YOUR OBJECTIVE. When the line with "Technology concept. Double" is reached, include it and stop; before that, copy each line of the listing exactly from the first.

DATASET EXCERPTS.

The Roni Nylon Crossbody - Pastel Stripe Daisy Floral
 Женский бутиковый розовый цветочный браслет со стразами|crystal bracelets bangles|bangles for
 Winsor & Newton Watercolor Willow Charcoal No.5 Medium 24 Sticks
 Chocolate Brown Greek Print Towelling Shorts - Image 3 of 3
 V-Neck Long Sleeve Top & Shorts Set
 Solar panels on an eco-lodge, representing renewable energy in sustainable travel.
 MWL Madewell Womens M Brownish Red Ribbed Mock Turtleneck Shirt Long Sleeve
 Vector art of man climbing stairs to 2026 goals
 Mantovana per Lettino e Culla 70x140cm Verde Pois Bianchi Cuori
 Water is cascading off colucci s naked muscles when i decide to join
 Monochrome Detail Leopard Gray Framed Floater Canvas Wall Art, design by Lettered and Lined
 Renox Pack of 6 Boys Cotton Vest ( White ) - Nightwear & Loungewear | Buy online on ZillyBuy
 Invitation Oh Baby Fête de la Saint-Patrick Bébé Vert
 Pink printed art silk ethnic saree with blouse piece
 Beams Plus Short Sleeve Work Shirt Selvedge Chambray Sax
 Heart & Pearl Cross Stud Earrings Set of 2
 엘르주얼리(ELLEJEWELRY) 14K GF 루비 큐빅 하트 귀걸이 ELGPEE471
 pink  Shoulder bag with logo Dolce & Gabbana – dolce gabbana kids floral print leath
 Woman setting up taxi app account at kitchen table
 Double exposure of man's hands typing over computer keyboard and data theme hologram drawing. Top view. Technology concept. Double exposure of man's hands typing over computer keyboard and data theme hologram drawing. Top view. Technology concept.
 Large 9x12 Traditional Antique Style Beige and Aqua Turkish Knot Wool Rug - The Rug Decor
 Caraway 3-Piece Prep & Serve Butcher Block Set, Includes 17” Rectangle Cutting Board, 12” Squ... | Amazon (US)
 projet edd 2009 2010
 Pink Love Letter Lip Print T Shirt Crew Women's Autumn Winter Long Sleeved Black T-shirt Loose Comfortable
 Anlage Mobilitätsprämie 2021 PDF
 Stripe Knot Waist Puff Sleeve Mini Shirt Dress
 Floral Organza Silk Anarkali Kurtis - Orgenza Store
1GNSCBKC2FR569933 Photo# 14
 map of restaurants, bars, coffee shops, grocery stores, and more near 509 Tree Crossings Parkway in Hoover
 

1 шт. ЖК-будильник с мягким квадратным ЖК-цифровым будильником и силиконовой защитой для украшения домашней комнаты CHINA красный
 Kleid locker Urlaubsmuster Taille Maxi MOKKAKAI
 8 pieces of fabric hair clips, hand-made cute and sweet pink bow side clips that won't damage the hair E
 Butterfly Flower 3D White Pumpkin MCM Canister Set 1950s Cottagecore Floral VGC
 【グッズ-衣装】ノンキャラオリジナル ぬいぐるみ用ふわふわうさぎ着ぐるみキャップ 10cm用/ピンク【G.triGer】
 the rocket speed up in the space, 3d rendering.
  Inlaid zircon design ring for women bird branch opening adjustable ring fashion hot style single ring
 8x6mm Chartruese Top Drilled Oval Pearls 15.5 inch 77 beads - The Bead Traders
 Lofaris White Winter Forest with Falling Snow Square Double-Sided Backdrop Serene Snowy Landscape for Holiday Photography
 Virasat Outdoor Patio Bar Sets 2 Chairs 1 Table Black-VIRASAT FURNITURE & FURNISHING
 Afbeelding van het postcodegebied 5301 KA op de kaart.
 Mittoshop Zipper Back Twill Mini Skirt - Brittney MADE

EXERCISE RESULT.
The Roni Nylon Crossbody - Pastel Stripe Daisy Floral
 Женский бутиковый розовый цветочный браслет со стразами|crystal bracelets bangles|bangles for
 Winsor & Newton Watercolor Willow Charcoal No.5 Medium 24 Sticks
 Chocolate Brown Greek Print Towelling Shorts - Image 3 of 3
 V-Neck Long Sleeve Top & Shorts Set
 Solar panels on an eco-lodge, representing renewable energy in sustainable travel.
 MWL Madewell Womens M Brownish Red Ribbed Mock Turtleneck Shirt Long Sleeve
 Vector art of man climbing stairs to 2026 goals
 Mantovana per Lettino e Culla 70x140cm Verde Pois Bianchi Cuori
 Water is cascading off colucci s naked muscles when i decide to join
 Monochrome Detail Leopard Gray Framed Floater Canvas Wall Art, design by Lettered and Lined
 Renox Pack of 6 Boys Cotton Vest ( White ) - Nightwear & Loungewear | Buy online on ZillyBuy
 Invitation Oh Baby Fête de la Saint-Patrick Bébé Vert
 Pink printed art silk ethnic saree with blouse piece
 Beams Plus Short Sleeve Work Shirt Selvedge Chambray Sax
 Heart & Pearl Cross Stud Earrings Set of 2
 엘르주얼리(ELLEJEWELRY) 14K GF 루비 큐빅 하트 귀걸이 ELGPEE471
 pink  Shoulder bag with logo Dolce & Gabbana – dolce gabbana kids floral print leath
 Woman setting up taxi app account at kitchen table
 Double exposure of man's hands typing over computer keyboard and data theme hologram drawing. Top view. Technology concept. Double exposure of man's hands typing over computer keyboard and data theme hologram drawing. Top view. Technology concept.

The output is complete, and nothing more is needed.